Come back to springtime in south-east Asia…

March 2017
Malacca: the strait where you take Asia’s pulse. It is a funnel, a pinch-point, a sulky vein of blue-grey water where the Pacific and Indian Oceans reach through the East’s jumbled islands to uneasily shake hands. The plane turns into final approach above it, clouds parting to reveal the golf course and crowded harbour of Singapore.
This most famously clean of cities sits poised like a hunting dragon on the Silk Road of the Sea. A quarter of the world’s traded goods travel through its claws and along the Strait of Malacca; oil and coffee may dominate now, but it was not so very long ago that Sir Stamford Raffles’ newborn town was brightened by the painted tongkang and twakow boats of lightermen, delivering spices, rubber, coral and palm heart to godowns upriver.
Trade has a habit of choking water and air. By the late 20th century, Singapore was an ecological wreck. As we all know, wrecked lands are quite common. What Singapore has become after vigorous campaigns at greening up is far more novel. Out of the jungle has grown a city threaded with trees.

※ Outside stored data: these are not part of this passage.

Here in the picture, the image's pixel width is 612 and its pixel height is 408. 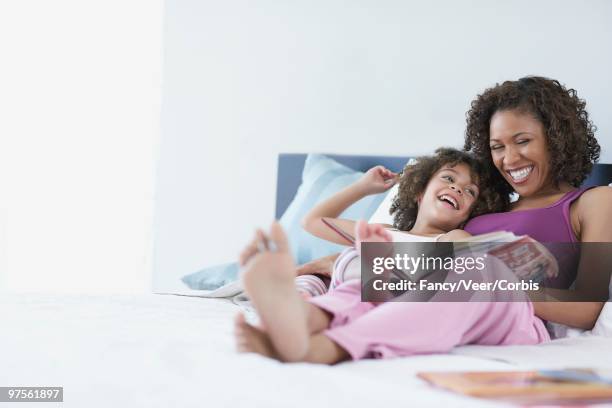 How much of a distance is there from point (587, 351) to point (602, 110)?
1.18 metres

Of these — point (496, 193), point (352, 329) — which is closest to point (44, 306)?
point (352, 329)

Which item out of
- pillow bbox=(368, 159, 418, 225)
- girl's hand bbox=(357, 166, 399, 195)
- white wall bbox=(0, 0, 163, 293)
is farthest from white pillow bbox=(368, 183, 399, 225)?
white wall bbox=(0, 0, 163, 293)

This is what a real ‘garden city’ looks like – everywhere that can be brightened with wild living things, is. And where there are trees and flowers, animals will follow.

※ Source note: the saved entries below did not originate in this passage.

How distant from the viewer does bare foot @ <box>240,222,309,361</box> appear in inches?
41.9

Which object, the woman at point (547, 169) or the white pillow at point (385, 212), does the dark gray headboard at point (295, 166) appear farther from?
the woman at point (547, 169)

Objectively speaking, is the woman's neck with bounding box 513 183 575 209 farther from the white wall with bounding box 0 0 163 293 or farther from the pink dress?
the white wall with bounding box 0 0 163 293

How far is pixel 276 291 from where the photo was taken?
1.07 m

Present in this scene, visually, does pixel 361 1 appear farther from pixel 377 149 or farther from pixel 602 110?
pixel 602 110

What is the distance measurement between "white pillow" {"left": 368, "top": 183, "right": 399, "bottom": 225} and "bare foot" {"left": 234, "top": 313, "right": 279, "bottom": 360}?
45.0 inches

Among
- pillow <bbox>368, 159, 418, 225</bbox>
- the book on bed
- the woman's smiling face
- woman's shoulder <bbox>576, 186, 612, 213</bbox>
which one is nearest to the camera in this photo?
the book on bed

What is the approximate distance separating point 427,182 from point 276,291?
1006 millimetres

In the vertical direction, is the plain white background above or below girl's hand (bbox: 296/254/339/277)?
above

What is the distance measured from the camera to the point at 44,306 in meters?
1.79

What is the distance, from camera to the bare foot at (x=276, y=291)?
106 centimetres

Crab-eating macaques wander Singapore’s quieter streets.


They are the boldest of the wild creatures here and endure the same conflict as urban wildlife in the West. Signs order people not to feed monkeys, but clearly some tourists still do.

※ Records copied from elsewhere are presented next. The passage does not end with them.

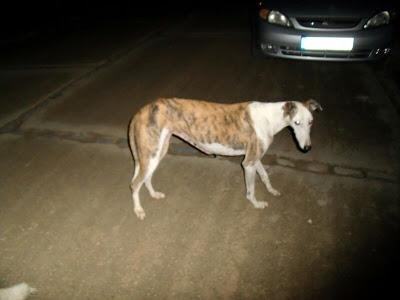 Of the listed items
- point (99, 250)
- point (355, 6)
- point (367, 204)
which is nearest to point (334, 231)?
point (367, 204)

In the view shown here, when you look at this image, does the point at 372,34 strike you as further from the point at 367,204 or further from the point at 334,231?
the point at 334,231

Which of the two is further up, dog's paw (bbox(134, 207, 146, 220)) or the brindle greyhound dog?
the brindle greyhound dog

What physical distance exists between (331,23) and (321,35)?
0.93ft

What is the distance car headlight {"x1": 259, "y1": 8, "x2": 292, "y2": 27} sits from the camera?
605 cm

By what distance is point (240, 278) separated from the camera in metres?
3.01

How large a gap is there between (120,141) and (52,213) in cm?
163

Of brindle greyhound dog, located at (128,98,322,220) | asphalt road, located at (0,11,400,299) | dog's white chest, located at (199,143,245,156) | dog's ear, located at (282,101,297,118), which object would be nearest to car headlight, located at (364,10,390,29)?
asphalt road, located at (0,11,400,299)

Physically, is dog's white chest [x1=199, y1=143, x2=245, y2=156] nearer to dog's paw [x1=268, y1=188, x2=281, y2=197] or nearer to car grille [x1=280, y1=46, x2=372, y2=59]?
dog's paw [x1=268, y1=188, x2=281, y2=197]

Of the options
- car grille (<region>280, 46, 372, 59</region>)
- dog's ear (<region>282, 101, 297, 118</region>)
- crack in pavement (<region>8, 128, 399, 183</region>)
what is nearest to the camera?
dog's ear (<region>282, 101, 297, 118</region>)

Behind them is a corner of Singapore that few visitors to downtown can possibly imagine. Bukit Timah is tiger country, now sans tigers but with that throbbing, humid, complex air that characteristics tropical forests everywhere.

Where the great cats once left tear-shaped tracks, monstrous flowers now bloom. I think this is a batflower.

Other predators still lurk. Water monitors are one of the world’s largest lizards.

Somewhere within Bukit Timah’s jungle, leopard cats and palm civets sleep. They are shy, but a waking cologu spies me. This strange creature is also known as a flying lemur although it is not one of that family. It can glide over 200 feet between trees.

It is hot, humid-hot, and the paths are steep.

A few miles away, the city continues its life, oblivious or accepting of so much nature next door.